When we as parents are open with our children about having compassion, they are more apt to treat those with disabilities like everyone else.  We should not rely on school anti-bullying programs alone but rather use them to reinforce what we teach our children at home.  With the start of each school year, I visit Carter’s class to discuss appropriate ways to ask about disabilities, which words to avoid when describing a person who is different, and why even facial expressions or stares can hurt someone.  I encourage them to go home and share what they learned, and many parents have thanked me for taking the time to talk with the class about disabilities.  Now I see the same kids supporting Carter and glowing with pride.  They tell me they think Carter is the coolest kid in their school, and I’ve had a child tell me that she watches out for Carter on the playground to make sure he is not being bullied.

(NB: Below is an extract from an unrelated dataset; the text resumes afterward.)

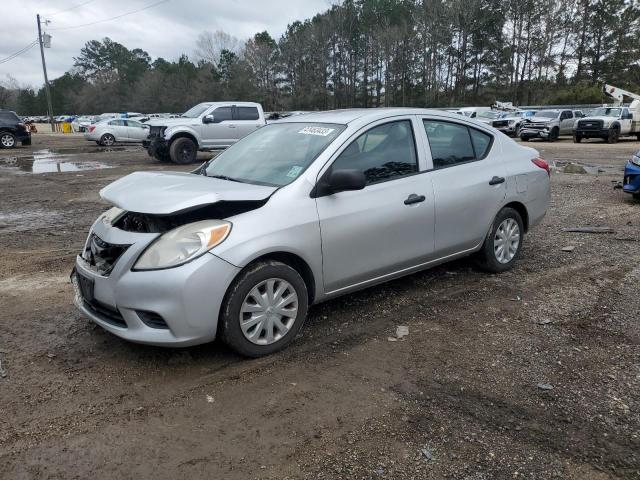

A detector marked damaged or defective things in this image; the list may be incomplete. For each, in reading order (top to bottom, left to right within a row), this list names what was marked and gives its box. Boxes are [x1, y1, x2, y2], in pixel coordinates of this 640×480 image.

damaged front bumper [70, 217, 240, 344]
cracked headlight [132, 220, 230, 270]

Our schools have great anti-bullying programs, but they don’t focus on information about kids with disabilities and how bullying affects them.  People with disabilities are more likely to be bullied because they are different.  Believe it or not, some kids do not even know what “disabled” means and often the equipment used by the disabled can seem scary to them.  The more we instruct our children on these topics, the more comfortable they will feel about who they are and about their peers.

In her handbook ‘The Bullying Epidemic-the guide to arm you for the fight,’ Kathleen Patel says, “With ignorance comes fear – from fear comes bigotry.  Education is the key to acceptance.”  Education not only helps prevent bullying, but it also empowers our children to advocate for themselves and for others.

KelliAnn Mead lives in Manchester, New Hampshire with her husband Mike and their sons Chase and Carter.  Carter is a client of Next Step Bionics & Prosthetics, Inc.